Je ne veux pas, naturellement, doctement professer une méthode infaillible. En écriture, chacun ses manies, ses méthodes qui, même si elles se recoupent forcément, ne dispensent pas au droit à l’originalité. Il y en a qui ne pourront pas écrire une seule ligne sans avoir au préalable fait une petite sieste (ce qui vaut mieux que se jeter un godet d’alcool pour se mettre en train). Il y en a qui, privés de leur instrument, sont soudain bien moins virtuoses. Ces charmants mais névrotiques à-côtés ne sauraient cacher que les auteurs manient tous, même s’ils s’en défendent, des règles communes. Que bien sûr je me garderai d’aborder. D’autres ont excellemment abordé les détails techniques de l’écriture, pas besoin de me mettre à faire un récital dans ce répertoire (d’abord je chante faux).

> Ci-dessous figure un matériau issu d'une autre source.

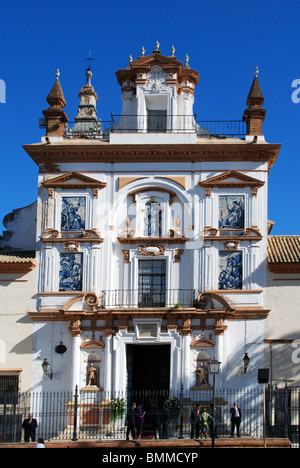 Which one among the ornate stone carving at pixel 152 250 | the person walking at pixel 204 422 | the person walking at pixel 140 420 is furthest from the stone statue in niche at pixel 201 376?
the ornate stone carving at pixel 152 250

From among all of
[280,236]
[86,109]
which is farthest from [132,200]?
[86,109]

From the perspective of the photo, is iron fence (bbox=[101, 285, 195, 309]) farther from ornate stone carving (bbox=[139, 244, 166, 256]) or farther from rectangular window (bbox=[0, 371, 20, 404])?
rectangular window (bbox=[0, 371, 20, 404])

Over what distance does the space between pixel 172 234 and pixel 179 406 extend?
6.84 metres

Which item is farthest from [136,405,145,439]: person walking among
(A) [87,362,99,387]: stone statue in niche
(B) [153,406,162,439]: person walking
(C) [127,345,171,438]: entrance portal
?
(A) [87,362,99,387]: stone statue in niche

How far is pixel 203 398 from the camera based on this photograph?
107 feet

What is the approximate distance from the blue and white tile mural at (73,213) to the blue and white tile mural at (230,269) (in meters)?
5.75

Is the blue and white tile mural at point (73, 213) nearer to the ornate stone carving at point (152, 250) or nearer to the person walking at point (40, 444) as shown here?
the ornate stone carving at point (152, 250)

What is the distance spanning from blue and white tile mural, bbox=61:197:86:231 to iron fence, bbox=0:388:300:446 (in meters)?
6.61

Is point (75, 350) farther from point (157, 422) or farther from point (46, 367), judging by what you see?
point (157, 422)

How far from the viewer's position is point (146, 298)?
34.2 m

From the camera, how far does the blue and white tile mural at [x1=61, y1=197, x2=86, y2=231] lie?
114ft

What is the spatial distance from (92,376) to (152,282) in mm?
4429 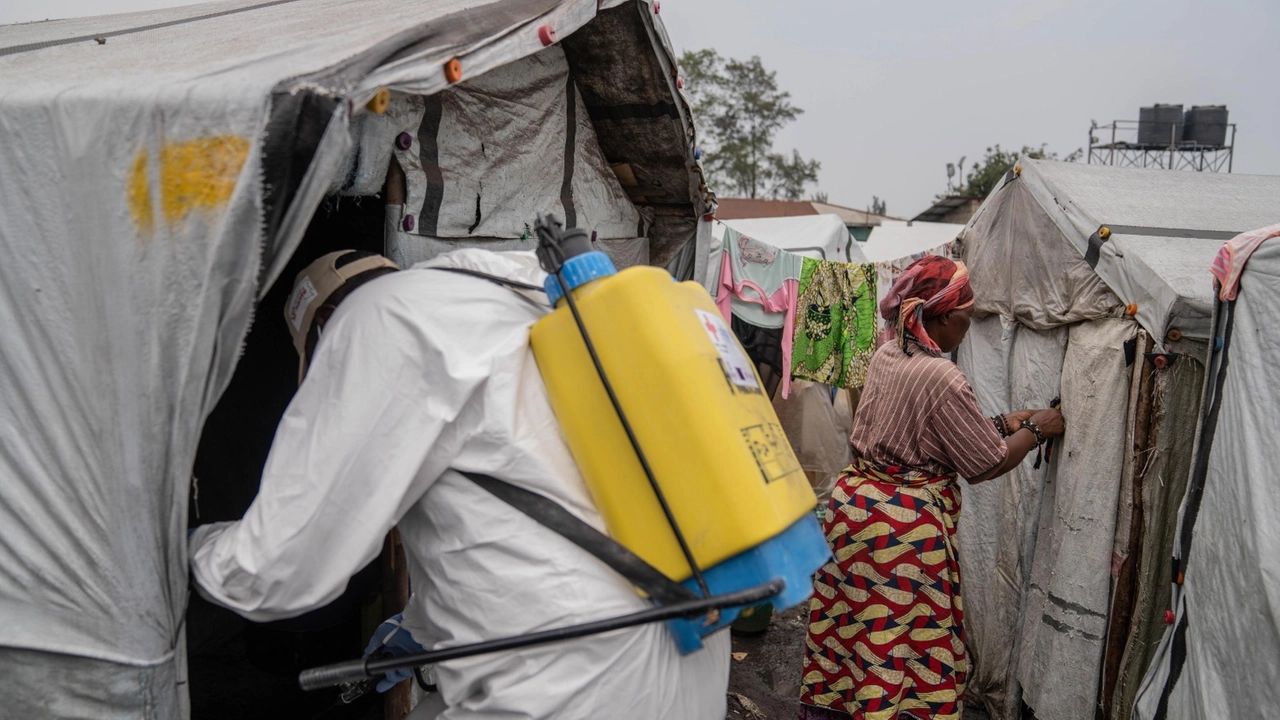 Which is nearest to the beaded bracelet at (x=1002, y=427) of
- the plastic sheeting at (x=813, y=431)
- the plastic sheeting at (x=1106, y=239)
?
the plastic sheeting at (x=1106, y=239)

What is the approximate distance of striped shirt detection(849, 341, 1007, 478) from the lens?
2582 mm

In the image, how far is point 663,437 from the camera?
144 cm

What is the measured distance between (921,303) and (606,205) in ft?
4.61

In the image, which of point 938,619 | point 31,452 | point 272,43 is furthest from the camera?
point 938,619

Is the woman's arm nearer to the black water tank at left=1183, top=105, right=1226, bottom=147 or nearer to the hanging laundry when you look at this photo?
the hanging laundry

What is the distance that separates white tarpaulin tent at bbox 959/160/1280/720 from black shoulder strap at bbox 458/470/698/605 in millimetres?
2354

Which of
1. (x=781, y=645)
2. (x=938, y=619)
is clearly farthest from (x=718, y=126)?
(x=938, y=619)

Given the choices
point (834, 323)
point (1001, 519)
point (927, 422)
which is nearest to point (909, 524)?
point (927, 422)

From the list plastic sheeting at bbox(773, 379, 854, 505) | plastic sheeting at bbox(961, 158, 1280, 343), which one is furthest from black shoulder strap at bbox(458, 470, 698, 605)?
plastic sheeting at bbox(773, 379, 854, 505)

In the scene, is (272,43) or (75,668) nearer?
(75,668)

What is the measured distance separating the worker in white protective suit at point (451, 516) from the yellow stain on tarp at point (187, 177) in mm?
328

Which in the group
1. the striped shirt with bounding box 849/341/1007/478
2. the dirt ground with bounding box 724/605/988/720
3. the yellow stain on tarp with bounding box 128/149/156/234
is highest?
the yellow stain on tarp with bounding box 128/149/156/234

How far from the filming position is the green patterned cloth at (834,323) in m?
5.54

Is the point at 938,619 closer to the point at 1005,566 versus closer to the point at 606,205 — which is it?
the point at 1005,566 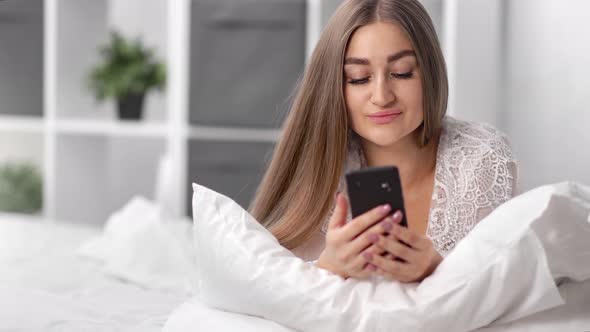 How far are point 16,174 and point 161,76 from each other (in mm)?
1343

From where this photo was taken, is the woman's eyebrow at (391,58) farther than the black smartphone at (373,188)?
Yes

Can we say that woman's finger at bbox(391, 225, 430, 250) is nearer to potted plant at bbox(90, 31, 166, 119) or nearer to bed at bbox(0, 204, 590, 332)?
bed at bbox(0, 204, 590, 332)

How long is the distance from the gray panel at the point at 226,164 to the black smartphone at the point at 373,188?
2.02 m

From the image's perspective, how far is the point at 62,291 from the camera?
67.2 inches

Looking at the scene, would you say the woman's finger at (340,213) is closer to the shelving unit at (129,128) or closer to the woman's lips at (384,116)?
the woman's lips at (384,116)

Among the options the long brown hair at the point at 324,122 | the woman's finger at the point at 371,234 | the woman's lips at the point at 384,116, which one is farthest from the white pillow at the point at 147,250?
the woman's finger at the point at 371,234

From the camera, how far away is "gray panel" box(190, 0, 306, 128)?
114 inches

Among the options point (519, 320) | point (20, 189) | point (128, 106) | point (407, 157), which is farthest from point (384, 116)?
point (20, 189)

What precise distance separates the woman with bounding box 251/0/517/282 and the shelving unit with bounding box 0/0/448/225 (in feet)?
4.58

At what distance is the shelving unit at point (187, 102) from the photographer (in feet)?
9.57

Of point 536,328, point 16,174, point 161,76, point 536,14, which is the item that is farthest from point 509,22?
point 16,174

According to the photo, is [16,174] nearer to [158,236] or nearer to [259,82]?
[259,82]

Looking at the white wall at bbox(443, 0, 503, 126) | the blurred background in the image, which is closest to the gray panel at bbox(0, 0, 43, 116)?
the blurred background

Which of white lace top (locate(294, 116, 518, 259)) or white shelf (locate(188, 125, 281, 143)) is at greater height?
white lace top (locate(294, 116, 518, 259)) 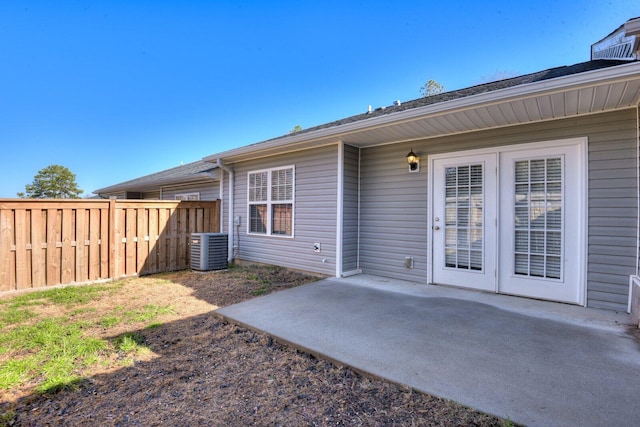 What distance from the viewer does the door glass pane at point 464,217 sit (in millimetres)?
4207

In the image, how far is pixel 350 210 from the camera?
17.3 ft

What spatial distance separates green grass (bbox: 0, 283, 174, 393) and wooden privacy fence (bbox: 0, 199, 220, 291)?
0.63 metres

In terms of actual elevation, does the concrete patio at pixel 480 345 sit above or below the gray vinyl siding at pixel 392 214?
below

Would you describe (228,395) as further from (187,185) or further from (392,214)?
(187,185)

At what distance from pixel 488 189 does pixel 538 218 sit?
690 millimetres

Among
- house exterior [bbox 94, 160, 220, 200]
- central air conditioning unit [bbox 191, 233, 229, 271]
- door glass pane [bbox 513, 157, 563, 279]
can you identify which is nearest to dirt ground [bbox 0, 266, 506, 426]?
door glass pane [bbox 513, 157, 563, 279]

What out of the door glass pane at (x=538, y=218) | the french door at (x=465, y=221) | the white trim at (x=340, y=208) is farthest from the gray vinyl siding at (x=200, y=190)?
the door glass pane at (x=538, y=218)

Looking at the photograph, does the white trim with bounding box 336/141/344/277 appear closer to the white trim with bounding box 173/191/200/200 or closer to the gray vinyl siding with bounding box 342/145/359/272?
the gray vinyl siding with bounding box 342/145/359/272

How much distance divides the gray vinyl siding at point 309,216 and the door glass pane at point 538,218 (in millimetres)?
2693

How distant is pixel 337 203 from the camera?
5109 mm

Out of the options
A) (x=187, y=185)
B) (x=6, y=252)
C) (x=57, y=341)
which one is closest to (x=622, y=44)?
(x=57, y=341)

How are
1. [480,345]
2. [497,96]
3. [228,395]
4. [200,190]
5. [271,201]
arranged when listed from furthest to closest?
[200,190] < [271,201] < [497,96] < [480,345] < [228,395]

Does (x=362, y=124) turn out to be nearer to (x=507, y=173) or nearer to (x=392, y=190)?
(x=392, y=190)

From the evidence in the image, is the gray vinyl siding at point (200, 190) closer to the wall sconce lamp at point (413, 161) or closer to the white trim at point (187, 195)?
the white trim at point (187, 195) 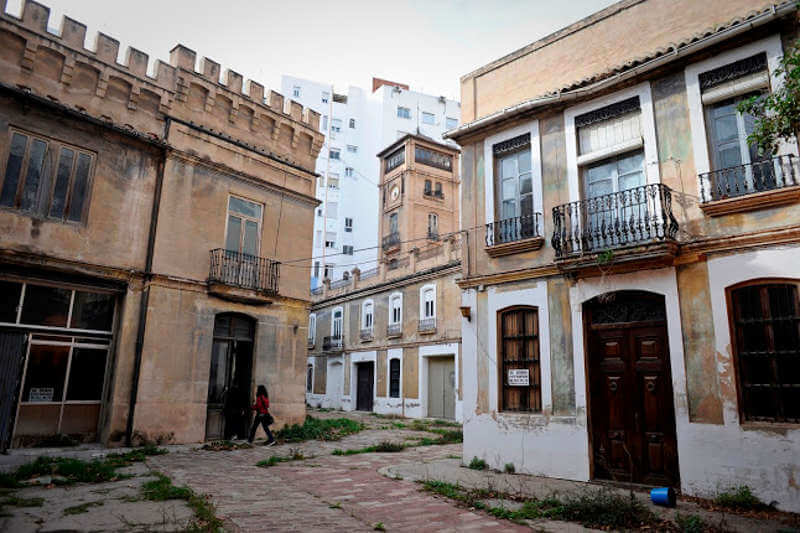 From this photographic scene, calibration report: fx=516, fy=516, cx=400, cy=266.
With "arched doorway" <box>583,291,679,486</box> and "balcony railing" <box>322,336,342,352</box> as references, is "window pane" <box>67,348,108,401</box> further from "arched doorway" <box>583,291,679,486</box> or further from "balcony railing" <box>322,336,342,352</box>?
"balcony railing" <box>322,336,342,352</box>

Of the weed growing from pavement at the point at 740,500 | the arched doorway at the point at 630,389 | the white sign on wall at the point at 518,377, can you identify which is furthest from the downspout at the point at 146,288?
the weed growing from pavement at the point at 740,500

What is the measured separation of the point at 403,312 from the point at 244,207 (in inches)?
508

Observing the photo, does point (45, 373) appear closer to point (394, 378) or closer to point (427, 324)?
point (427, 324)

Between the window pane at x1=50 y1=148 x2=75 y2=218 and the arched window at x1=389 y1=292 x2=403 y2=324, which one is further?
the arched window at x1=389 y1=292 x2=403 y2=324

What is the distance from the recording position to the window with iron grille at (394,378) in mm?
26234

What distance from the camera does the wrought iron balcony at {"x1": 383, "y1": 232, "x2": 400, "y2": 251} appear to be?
115 feet

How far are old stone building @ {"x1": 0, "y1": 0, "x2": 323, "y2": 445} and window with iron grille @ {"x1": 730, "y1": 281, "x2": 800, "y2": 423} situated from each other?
11187mm

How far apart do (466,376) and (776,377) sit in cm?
522

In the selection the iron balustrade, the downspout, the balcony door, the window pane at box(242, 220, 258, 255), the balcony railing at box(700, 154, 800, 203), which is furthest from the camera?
the window pane at box(242, 220, 258, 255)

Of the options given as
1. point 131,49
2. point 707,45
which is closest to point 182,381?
point 131,49

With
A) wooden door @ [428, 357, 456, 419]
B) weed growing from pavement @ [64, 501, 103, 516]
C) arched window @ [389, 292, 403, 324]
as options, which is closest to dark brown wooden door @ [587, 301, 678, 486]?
weed growing from pavement @ [64, 501, 103, 516]

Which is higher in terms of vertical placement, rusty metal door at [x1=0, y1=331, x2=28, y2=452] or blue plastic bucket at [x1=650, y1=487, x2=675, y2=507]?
rusty metal door at [x1=0, y1=331, x2=28, y2=452]

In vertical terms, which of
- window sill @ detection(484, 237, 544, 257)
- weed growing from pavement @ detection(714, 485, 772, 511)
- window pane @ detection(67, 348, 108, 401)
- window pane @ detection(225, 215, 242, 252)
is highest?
window pane @ detection(225, 215, 242, 252)

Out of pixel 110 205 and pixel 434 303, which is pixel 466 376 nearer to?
pixel 110 205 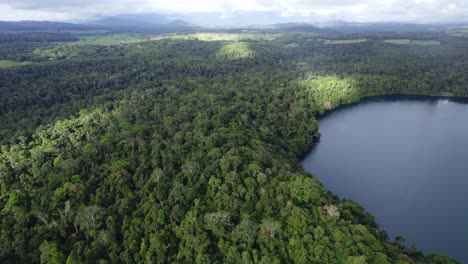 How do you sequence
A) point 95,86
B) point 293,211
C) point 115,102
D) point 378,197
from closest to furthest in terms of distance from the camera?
point 293,211, point 378,197, point 115,102, point 95,86

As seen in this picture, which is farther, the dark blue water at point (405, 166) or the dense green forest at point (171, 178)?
the dark blue water at point (405, 166)

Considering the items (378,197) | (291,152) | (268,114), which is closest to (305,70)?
(268,114)

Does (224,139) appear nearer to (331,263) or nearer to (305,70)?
(331,263)

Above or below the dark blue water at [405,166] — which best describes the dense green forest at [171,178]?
above

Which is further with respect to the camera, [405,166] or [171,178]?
[405,166] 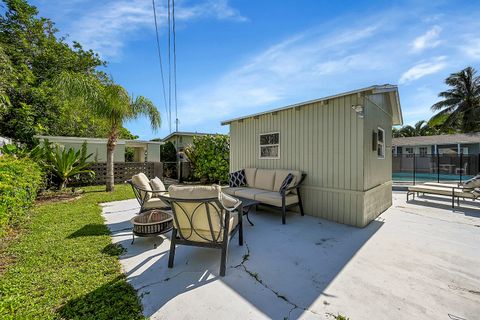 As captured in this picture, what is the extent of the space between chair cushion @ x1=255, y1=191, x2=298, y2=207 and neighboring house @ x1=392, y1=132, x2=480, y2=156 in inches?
810

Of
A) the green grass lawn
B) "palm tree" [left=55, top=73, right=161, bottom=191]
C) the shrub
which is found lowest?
the green grass lawn

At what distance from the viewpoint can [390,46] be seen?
6125mm

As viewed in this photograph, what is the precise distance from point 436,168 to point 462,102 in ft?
29.3

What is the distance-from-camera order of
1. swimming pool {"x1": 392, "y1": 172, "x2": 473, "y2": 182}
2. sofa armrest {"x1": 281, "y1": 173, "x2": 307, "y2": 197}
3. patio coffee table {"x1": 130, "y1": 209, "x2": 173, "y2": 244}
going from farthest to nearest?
swimming pool {"x1": 392, "y1": 172, "x2": 473, "y2": 182} → sofa armrest {"x1": 281, "y1": 173, "x2": 307, "y2": 197} → patio coffee table {"x1": 130, "y1": 209, "x2": 173, "y2": 244}

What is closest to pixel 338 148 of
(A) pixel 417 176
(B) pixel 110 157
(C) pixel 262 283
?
(C) pixel 262 283

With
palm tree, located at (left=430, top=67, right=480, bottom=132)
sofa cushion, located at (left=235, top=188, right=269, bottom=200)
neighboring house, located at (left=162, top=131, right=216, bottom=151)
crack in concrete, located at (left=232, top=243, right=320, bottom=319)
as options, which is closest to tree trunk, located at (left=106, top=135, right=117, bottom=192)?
sofa cushion, located at (left=235, top=188, right=269, bottom=200)

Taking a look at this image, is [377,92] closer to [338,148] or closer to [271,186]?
[338,148]

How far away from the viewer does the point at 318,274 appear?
111 inches

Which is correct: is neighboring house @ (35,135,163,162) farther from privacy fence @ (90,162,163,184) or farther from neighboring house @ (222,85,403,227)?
neighboring house @ (222,85,403,227)

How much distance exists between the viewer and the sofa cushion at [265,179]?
6.26 metres

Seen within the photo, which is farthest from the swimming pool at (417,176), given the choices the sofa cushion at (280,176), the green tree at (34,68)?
the green tree at (34,68)

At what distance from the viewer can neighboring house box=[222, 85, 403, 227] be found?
4852mm

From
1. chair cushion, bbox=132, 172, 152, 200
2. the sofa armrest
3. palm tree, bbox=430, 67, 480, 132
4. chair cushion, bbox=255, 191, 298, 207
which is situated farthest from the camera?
palm tree, bbox=430, 67, 480, 132

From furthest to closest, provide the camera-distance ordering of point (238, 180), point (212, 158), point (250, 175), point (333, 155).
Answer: point (212, 158), point (238, 180), point (250, 175), point (333, 155) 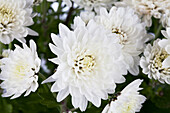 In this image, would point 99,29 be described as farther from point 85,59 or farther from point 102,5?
point 102,5

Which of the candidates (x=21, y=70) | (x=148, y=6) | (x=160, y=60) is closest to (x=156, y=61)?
(x=160, y=60)

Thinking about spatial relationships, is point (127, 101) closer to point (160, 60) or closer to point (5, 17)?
point (160, 60)

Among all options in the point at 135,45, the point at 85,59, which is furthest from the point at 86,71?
the point at 135,45

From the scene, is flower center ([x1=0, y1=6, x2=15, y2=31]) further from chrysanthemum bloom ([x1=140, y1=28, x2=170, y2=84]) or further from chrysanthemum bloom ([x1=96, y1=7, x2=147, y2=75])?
chrysanthemum bloom ([x1=140, y1=28, x2=170, y2=84])

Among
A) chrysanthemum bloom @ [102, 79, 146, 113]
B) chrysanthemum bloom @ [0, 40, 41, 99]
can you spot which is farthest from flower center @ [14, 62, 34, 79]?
chrysanthemum bloom @ [102, 79, 146, 113]

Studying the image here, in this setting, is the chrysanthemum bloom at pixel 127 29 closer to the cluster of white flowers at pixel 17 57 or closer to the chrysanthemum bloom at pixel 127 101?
the chrysanthemum bloom at pixel 127 101

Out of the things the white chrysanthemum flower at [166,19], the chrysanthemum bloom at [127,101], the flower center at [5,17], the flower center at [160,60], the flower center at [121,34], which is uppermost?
the flower center at [5,17]

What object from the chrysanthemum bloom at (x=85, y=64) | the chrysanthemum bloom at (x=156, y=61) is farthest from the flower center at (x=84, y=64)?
the chrysanthemum bloom at (x=156, y=61) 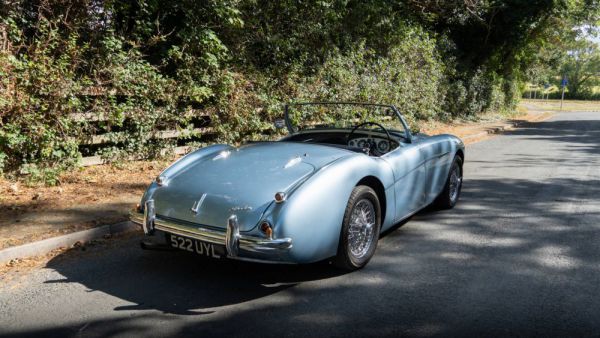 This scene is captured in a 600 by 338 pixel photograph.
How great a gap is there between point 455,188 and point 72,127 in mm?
5272

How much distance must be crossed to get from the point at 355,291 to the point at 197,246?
1.15m

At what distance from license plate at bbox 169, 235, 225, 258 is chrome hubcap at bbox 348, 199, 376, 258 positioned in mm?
1000

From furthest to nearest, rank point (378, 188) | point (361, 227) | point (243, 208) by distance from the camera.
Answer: point (378, 188) < point (361, 227) < point (243, 208)

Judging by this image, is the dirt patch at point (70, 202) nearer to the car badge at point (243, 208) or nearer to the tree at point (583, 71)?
the car badge at point (243, 208)

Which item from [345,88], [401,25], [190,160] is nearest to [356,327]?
[190,160]

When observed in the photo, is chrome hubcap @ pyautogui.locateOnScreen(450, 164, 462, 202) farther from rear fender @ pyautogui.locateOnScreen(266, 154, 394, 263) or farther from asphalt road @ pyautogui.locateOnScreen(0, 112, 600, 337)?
rear fender @ pyautogui.locateOnScreen(266, 154, 394, 263)

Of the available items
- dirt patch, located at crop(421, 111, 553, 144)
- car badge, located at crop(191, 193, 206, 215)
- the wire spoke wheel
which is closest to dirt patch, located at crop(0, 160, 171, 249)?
car badge, located at crop(191, 193, 206, 215)

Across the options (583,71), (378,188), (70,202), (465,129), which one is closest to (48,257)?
(70,202)

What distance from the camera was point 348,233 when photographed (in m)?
3.62

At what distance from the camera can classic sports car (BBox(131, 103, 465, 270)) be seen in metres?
3.24

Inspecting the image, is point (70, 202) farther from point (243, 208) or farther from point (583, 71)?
point (583, 71)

Tout de même, j’aimerais aborder ce délicat problème, celui de la panne sèche en rase campagne, alors qu’on allait changer de paragraphe (1).
Là.
D’un seul coup. Parce que ça ne prévient pas.
Vous venez de traverser plusieurs pages sans éprouver le besoin de respirer.
Et d’un coup la machine se grippe.
Pourquoi ?
Peut-être, sans le reconnaître encore, pressentez-vous que vous faites fausse route, qu’une bonne idée ne l’était pas, que le scénario est tout bonnement inintéressant. Dans ce cas, une pause sera nécessaire le texte en cours ne mérite peut-être pas d’être mené à terme. Il faut y réfléchir. D’accord, c’est dur, surtout de se dire qu’on vient de passer une semaine dessus à se creuser le dictionnaire de synonymes pour éviter les répétitions, tout ça pour laisser tomber. Mais parfois ça vaut mieux.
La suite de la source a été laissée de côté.